Apresentador recebeu pena de três anos e seis meses, convertida em medidas alternativas, por falas consideradas discriminatórias contra a população LGBTQIA+

Letícia Sales Publicado em 29/01/2026, às 10h14
O apresentador José Siqueira Barros Júnior, conhecido como Sikêra Jr, foi condenado pela Justiça Federal por discurso homotransfóbico, crime equiparado ao racismo, em razão de declarações feitas durante a exibição do programa Alerta Nacional, em junho de 2021. A decisão foi divulgada nesta terça-feira (28) e atende a uma denúncia apresentada pelo Ministério Público Federal (MPF).

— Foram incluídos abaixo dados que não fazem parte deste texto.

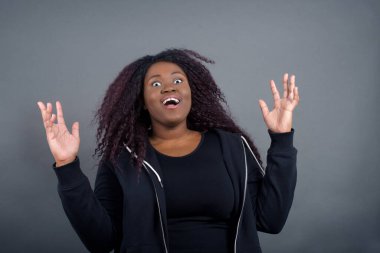 İnsanlar, başarı, galibiyet, zafer, heyecan, hedefler, kararlılık ve başarı konsepti. Neşeli, şanslı Afro-Amerikan kadın öğrenci günlük giysiler içinde tezahürat yapıyor, başarıyı kutluyor, evet diye bağırıyor.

Segundo o MPF, as falas ocorreram em um programa exibido em rede nacional e ganharam ampla repercussão ao serem replicadas em plataformas digitais. Na ocasião, Sikêra Jr criticou uma campanha publicitária de uma rede de fast-food que destacava a diversidade das famílias brasileiras, incluindo casais homoafetivos.
A Justiça fixou a pena em três anos e seis meses de reclusão, além do pagamento de cem dias-multa, cada um no valor de cinco salários mínimos. Como o réu preenchia os requisitos legais, a pena de prisão foi substituída por medidas alternativas, que incluem prestação de serviços à comunidade, com uma hora de serviço por dia de condenação, e o pagamento de uma prestação pecuniária equivalente a 50 salários mínimos. O valor deverá ser destinado a instituições voltadas à proteção da comunidade LGBTQIA+.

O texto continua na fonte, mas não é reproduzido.